When I was eleven, I watched that Robin Williams movie Hook with my parents and Nate. I liked it a lot—I mean, who didn’t?—but for me, it was more about the pirates and less about the Lost Boys. Although, when you really think about it, the Lost Boys are kinda just kid pirates, aren’t they? And if I thought about it that way, maybe Nate and I were lost boys, and maybe that was why everything eventually went to hell.
But anyway, we watched that movie, and the thought of wearing an eyepatch all at once seemed cool. Up until that point, I’d just rocked the empty socket and scar with little pride and less confidence, inciting fear in everyone who dared to look at me.
But then I saw the pirates in their eyepatches, how cool they looked.
Nate turned to me, his finger pointing at the TV, and he said, "Dude, you should totally get an eyepatch. Nobody would mess with you then."
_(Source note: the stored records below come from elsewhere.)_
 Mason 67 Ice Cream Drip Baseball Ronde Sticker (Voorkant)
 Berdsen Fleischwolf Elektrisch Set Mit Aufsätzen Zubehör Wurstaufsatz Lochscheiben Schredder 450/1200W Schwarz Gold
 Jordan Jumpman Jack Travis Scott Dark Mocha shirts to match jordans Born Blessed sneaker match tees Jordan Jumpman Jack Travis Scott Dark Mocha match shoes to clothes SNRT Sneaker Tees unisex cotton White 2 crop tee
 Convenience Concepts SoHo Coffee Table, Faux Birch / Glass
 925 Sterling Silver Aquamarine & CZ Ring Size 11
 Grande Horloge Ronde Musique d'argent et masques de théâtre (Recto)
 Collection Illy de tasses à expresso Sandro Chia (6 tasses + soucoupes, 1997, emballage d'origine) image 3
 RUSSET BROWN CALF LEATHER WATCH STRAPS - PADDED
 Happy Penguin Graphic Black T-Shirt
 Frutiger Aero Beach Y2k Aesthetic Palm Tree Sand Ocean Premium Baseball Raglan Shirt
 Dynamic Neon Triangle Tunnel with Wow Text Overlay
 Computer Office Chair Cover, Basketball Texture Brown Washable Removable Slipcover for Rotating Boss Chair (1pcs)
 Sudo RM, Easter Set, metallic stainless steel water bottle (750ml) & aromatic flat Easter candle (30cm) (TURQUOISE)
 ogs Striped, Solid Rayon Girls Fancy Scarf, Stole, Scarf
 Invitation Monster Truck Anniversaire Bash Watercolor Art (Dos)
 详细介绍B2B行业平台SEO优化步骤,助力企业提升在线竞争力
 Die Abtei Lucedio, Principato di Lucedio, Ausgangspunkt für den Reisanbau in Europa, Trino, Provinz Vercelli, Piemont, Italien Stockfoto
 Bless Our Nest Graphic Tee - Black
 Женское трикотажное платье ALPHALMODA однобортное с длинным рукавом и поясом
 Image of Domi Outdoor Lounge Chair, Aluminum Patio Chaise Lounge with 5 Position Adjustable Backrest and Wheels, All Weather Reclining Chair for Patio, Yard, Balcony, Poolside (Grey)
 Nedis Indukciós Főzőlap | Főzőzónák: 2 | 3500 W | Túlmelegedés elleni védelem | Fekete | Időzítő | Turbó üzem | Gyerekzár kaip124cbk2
"They wouldn't," I said dreamily ‘cause nobody messed with a pirate.
"They'd be scared of you instead."
Mom huffed a disapproving sound from behind us. I looked over my shoulder as she asked, "Why would you want anybody to be afraid of you?"
Nate scoffed and rolled his eyes. "If they're scared of you, they don't hurt you."
"Well, it's not nice for people to hurt you—of course not—but scaring people isn't nice either. Two wrongs don't make a right, Nate."
It was an uncomfortable conversation. I thought about Nate's arm. I thought about his bruises and cuts and how hungry he always was, and I wanted to tell Mom she was wrong. If Nate's mom or the guy who lived with them or … whoever hurt him was scared of him, they wouldn't hurt him; they'd just run away instead. And that was better, right? It had to be.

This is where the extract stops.